Verily, all praise is for Allah. We praise Him, we seek His assistance and we ask for His forgiveness. And we seek refuge in Him from the evils of our selves. Whoever Allah guides, none can misguide. Whoever He misguides, none can guide. And I bear witness that there is no deity other than Allah and I bear witness that Mohammad is His slave and messenger.

 يَا أَيُّهَا الّذِينَ آمَنُوا اتَّقُوا اللَّهَ حَقَّ تُقَاتِهِ وَلَا تَمُوتُنَّ إِلَّا وَأَنْتُمْ مُسْلِمُونَ – آل عمران:102 

Al Imran 102 : O you who believe! Fear Allah as He should be feared, and die not except in a state of Islam.

Oh people:

In the darkest of nights, even the full moon goes missing. And amid the turbulence of trials and disagreements that surge like waves of the ocean, along with everyone’s admiration of their own opinion, the wise person searches for a glimmer of light to illuminate the way, or for a lifeline to save them from the turbulence of a deep sea engulfed by waves upon waves, over which are cyclones and whirlwinds that leave even the wise bewildered.

Nowadays, we live in a time whereby the channels of information have increased and reached such rapid rates that people wake up to new developments, and end their days with new developments. To the point that sometimes, searching for the truth is like searching for a needle in a haystack. Herein, lies the challenge. And the consequences are dangerous.

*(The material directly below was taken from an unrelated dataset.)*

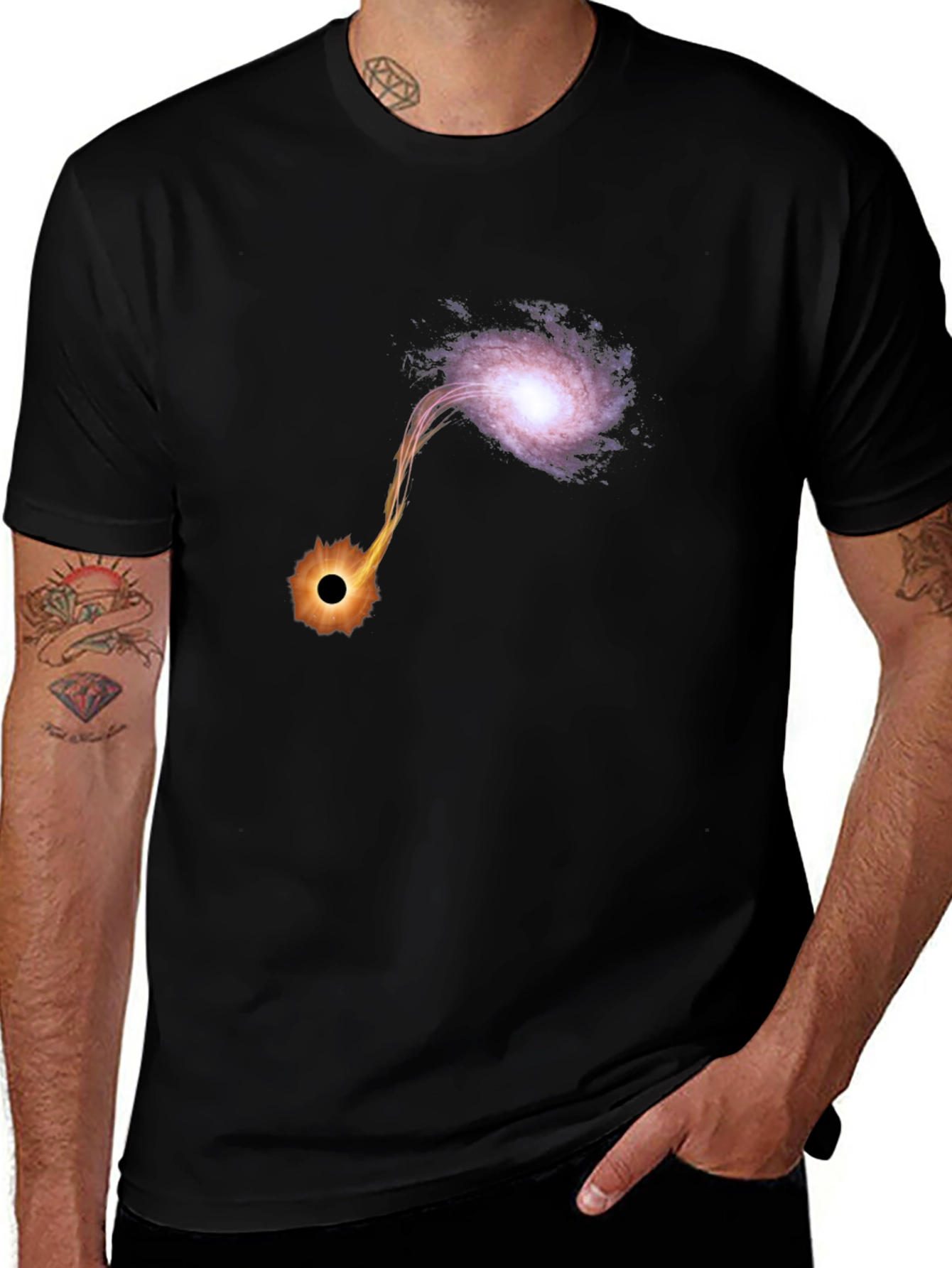 Black Hole Galaxy Graphic Tee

And the approaches of yesterday may not be as effective as they once were, due to the tyranny of distractions and the weakening of moral restraint. This makes discussion and debating in the best manner the best approach especially in the spheres of advising, guiding, upbringing, criticizing, and disputing.

From this standpoint, we passionately highlight the need for prevailing in the principles of dialoguing and debating in the best manner, in all matters of life, as our true religion taught us. Our guide in this is the Book of our Lord and the Sunnah of our Prophet ﷺ. Dialogue is a refined approach and an ideal means to reach goals with soundness, tranquility, politeness, and effectiveness.

Dialogue, is the exchange of talking between two or more people, intended to prove an argument, establish a right, refute a doubt, or dispel falsehood in speech, action, or belief. It is a significant method in the Quran and Sunnah. The Quran contains dozens of verses that include the concept of dialogue. And the pure Sunnah is full of this style, emanating from the prophetic character aimed at guiding people, caring for them, and being merciful to them. As Allah says:

لَقَدْ جَاءَكُمْ رَسُولٌ مِنْ أَنْفُسِكُمْ عَزِيزٌ عَلَيْهِ مَا عَنِتُّمْ حَرِيصٌ عَلَيْكُمْ بِالْمُؤْمِنِينَ رَءُوفٌ رَحِيمٌ 

Surah At-Tawbah (9:128): There has certainly come to you a Messenger from among yourselves. Grievous to him is what you suffer; [he is] concerned over you [i.e., your guidance] and to the believers is kind and merciful.

Dialogue in our noble religion is distinguished for its applicability in all aspects of life, starting from matters of creed to the upbringing of children. An example from the domain of creed is the dialogue that each prophet had with his people, dialoguing with them in the best manner, hoping to guide them to the straight path of Allah. ‘Oday ibn Hatim, who was initially a Christian, entered upon the Prophet Muhammad ﷺ and heard him reciting the verse of Allah: 

اتَّخَذُوا أَحْبَارَهُمْ وَرُهْبَانَهُمْ أَرْبَابًا مِنْ دُونِ اللَّهِ وَالْمَسِيحَ ابْنَ مَرْيَمَ

Surah At-Tawbah (9:31): They have taken their scholars and monks as lords besides Allah, and [also] the Messiah, the son of Mary. 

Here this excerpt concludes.